Items from a data source
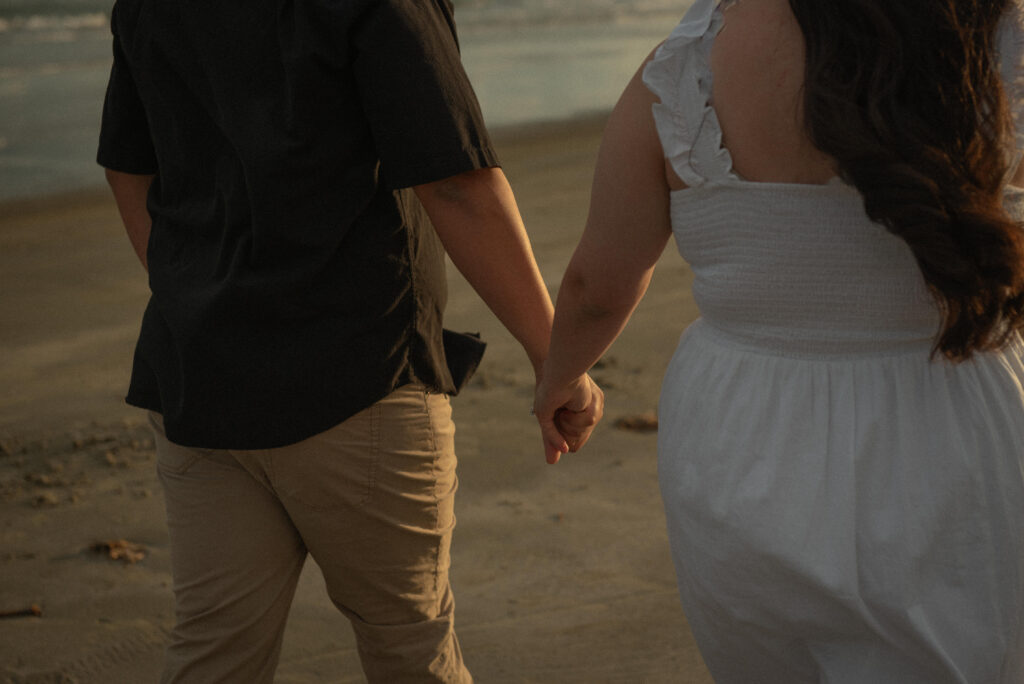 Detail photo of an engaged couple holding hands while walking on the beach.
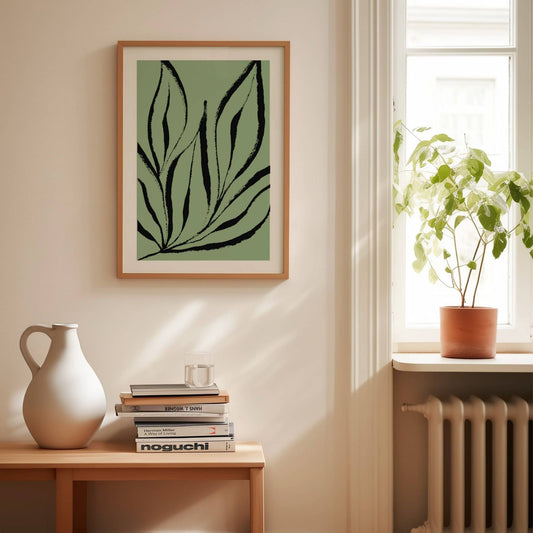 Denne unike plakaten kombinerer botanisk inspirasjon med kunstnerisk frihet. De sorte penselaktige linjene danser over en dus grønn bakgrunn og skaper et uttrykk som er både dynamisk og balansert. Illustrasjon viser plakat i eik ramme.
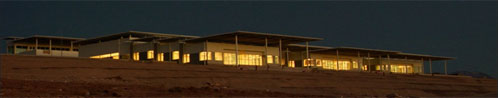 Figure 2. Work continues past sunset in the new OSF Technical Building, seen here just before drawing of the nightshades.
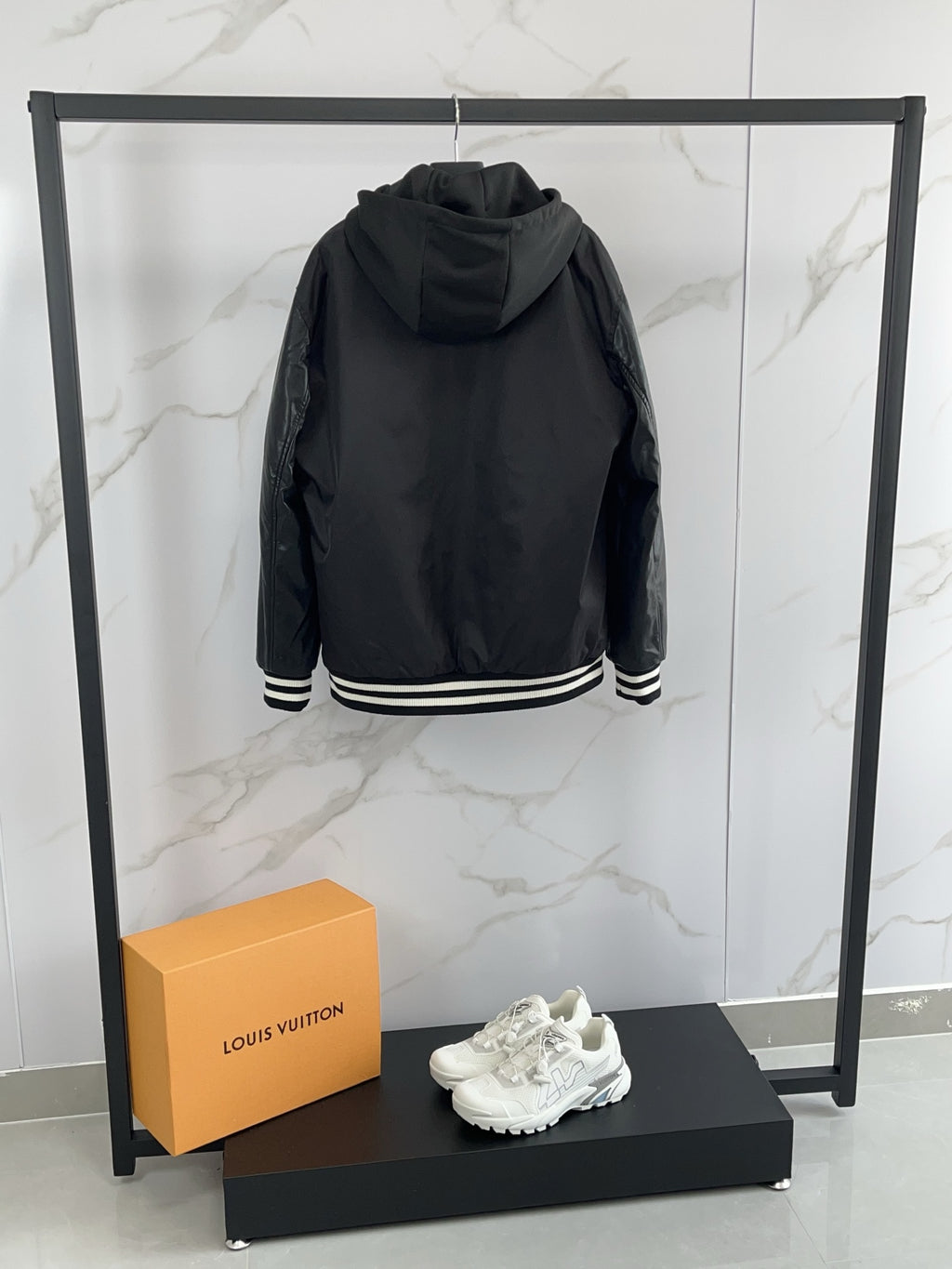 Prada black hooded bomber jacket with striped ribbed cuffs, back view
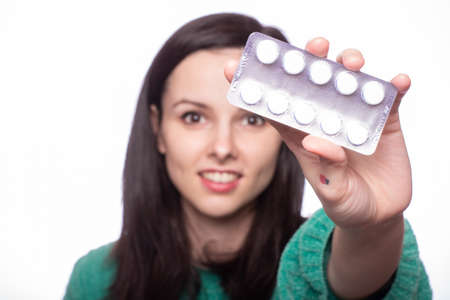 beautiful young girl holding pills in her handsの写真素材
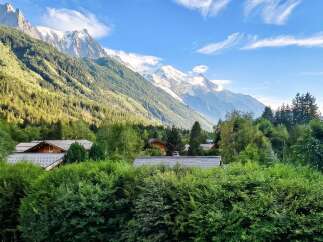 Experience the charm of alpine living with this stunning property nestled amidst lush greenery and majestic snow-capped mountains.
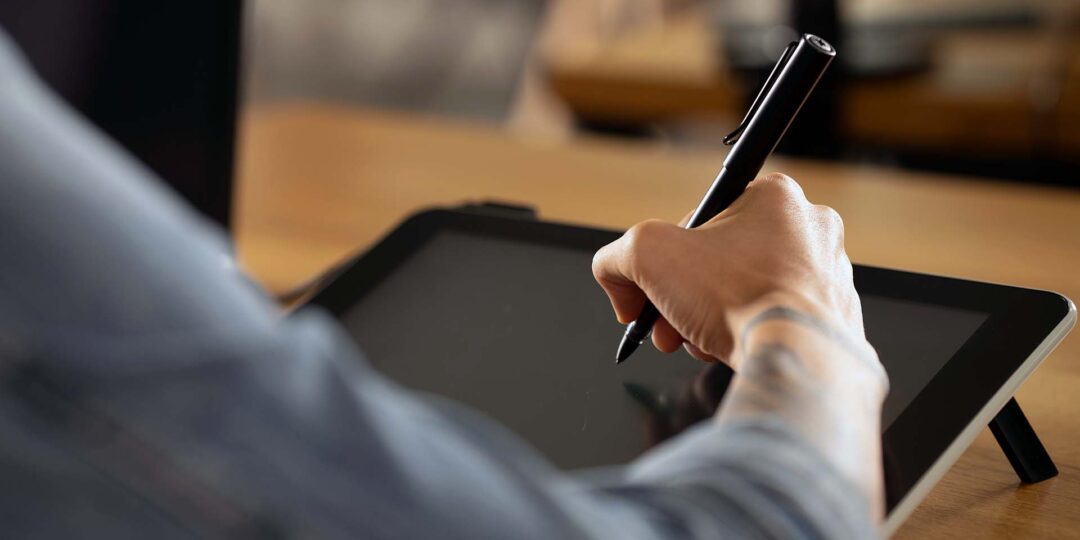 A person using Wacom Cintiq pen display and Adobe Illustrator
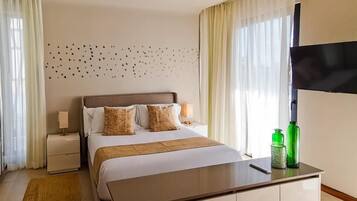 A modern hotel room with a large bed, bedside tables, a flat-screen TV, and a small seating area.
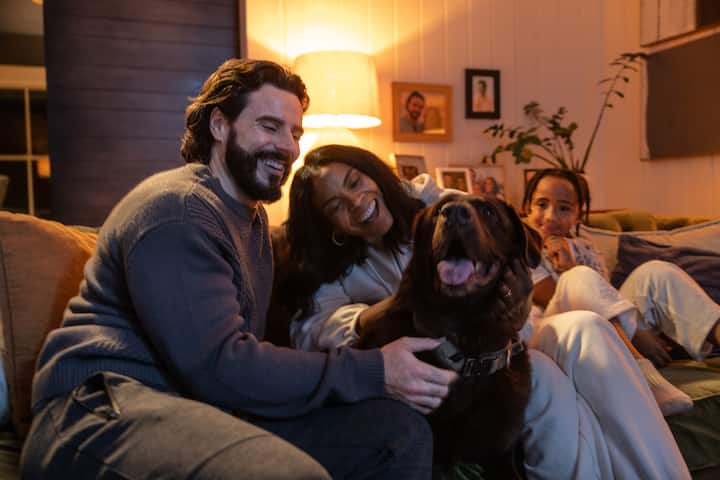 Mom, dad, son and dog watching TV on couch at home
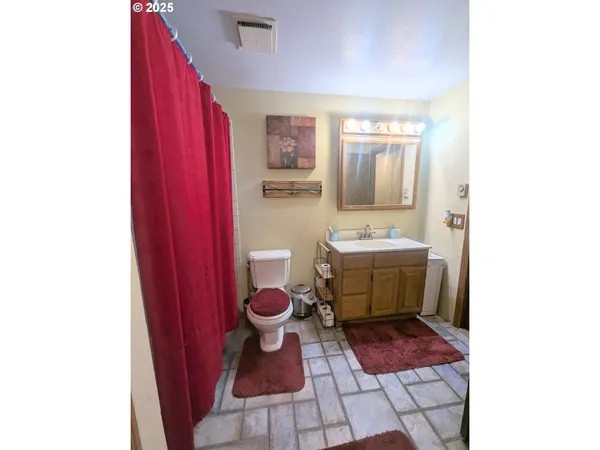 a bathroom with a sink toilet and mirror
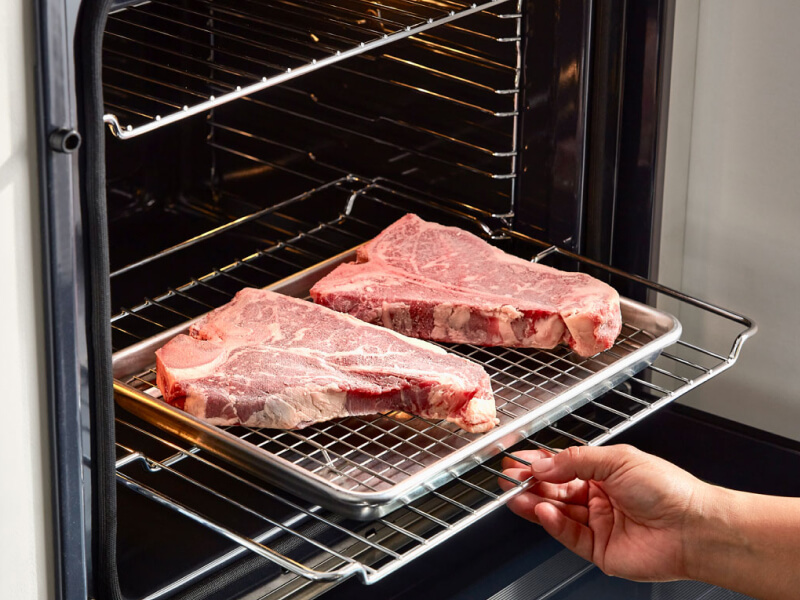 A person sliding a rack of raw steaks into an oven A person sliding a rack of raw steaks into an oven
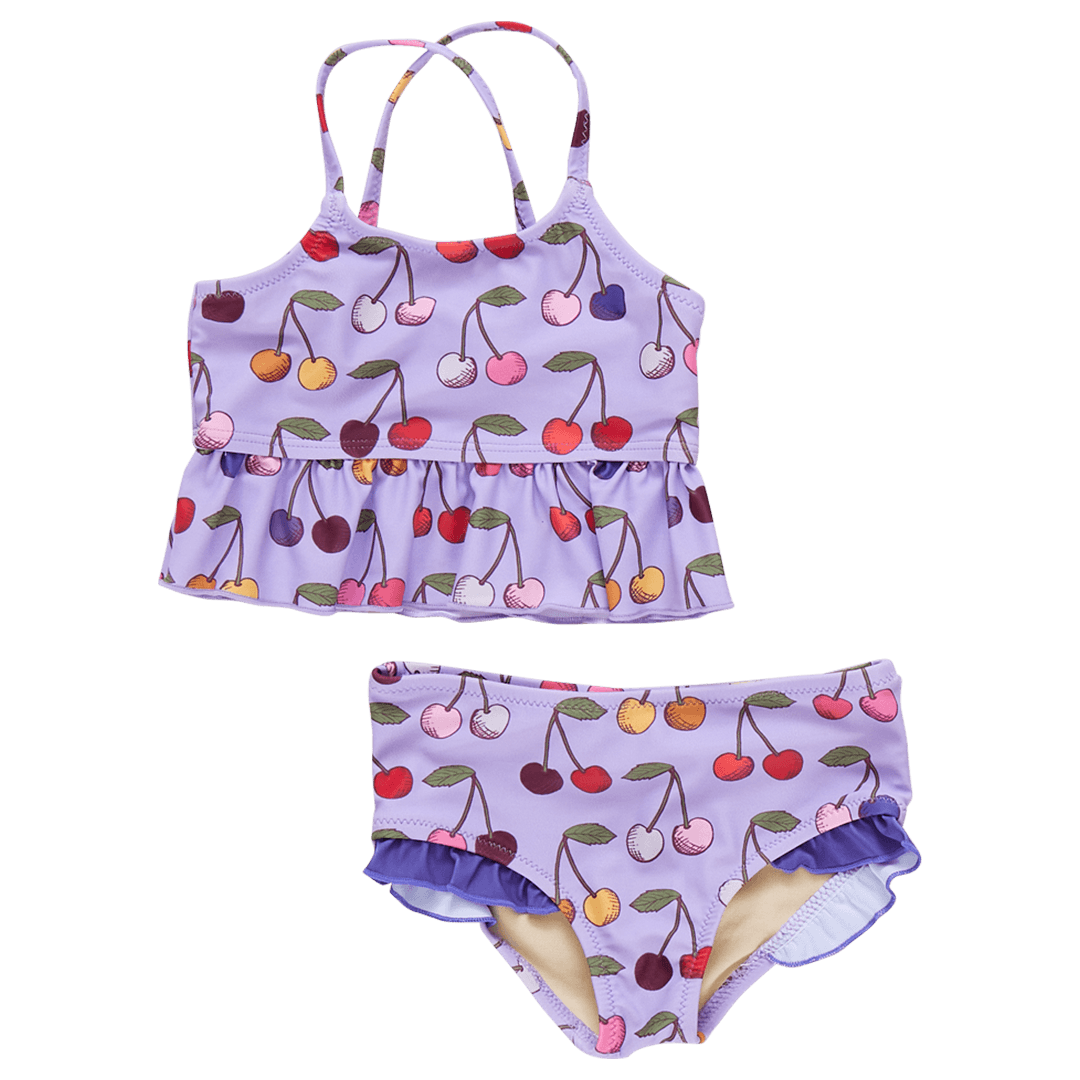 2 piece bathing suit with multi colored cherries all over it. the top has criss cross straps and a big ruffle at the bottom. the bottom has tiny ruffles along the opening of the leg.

**Activity**
Transcribe the entries above exactly, from their first line through the line with "A modern hotel", and omit all pictures.

**Task result**
 Detail photo of an engaged couple holding hands while walking on the beach.
 Denne unike plakaten kombinerer botanisk inspirasjon med kunstnerisk frihet. De sorte penselaktige linjene danser over en dus grønn bakgrunn og skaper et uttrykk som er både dynamisk og balansert. Illustrasjon viser plakat i eik ramme.
 Figure 2. Work continues past sunset in the new OSF Technical Building, seen here just before drawing of the nightshades.
 Prada black hooded bomber jacket with striped ribbed cuffs, back view
 beautiful young girl holding pills in her handsの写真素材
 Experience the charm of alpine living with this stunning property nestled amidst lush greenery and majestic snow-capped mountains.
 A person using Wacom Cintiq pen display and Adobe Illustrator
 A modern hotel room with a large bed, bedside tables, a flat-screen TV, and a small seating area.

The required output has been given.